→ **WHAT THE EXERCISE ASKS**:
Retype each entry below exactly as it stands.

→ **INFORMATION SHOWN**:
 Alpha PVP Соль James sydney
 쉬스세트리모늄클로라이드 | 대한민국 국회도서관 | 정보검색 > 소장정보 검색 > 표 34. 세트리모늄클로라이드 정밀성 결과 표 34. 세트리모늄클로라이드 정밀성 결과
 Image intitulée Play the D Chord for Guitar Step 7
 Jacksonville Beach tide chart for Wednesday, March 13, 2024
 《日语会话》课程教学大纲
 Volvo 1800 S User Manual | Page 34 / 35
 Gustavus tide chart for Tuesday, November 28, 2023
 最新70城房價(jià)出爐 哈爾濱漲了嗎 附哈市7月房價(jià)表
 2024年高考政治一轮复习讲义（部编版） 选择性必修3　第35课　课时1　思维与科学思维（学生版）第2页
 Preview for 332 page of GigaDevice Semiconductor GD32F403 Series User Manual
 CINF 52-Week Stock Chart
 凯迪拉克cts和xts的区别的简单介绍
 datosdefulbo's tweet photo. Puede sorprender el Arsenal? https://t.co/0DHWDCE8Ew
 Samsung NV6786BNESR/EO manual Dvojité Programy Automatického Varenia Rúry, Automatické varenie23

→ **SOLUTION TO THE EXERCISE**:
 Alpha PVP Соль James sydney
 쉬스세트리모늄클로라이드 | 대한민국 국회도서관 | 정보검색 > 소장정보 검색 > 표 34. 세트리모늄클로라이드 정밀성 결과 표 34. 세트리모늄클로라이드 정밀성 결과
 Image intitulée Play the D Chord for Guitar Step 7
 Jacksonville Beach tide chart for Wednesday, March 13, 2024
 《日语会话》课程教学大纲
 Volvo 1800 S User Manual | Page 34 / 35
 Gustavus tide chart for Tuesday, November 28, 2023
 最新70城房價(jià)出爐 哈爾濱漲了嗎 附哈市7月房價(jià)表
 2024年高考政治一轮复习讲义（部编版） 选择性必修3　第35课　课时1　思维与科学思维（学生版）第2页
 Preview for 332 page of GigaDevice Semiconductor GD32F403 Series User Manual
 CINF 52-Week Stock Chart
 凯迪拉克cts和xts的区别的简单介绍
 datosdefulbo's tweet photo. Puede sorprender el Arsenal? https://t.co/0DHWDCE8Ew
 Samsung NV6786BNESR/EO manual Dvojité Programy Automatického Varenia Rúry, Automatické varenie23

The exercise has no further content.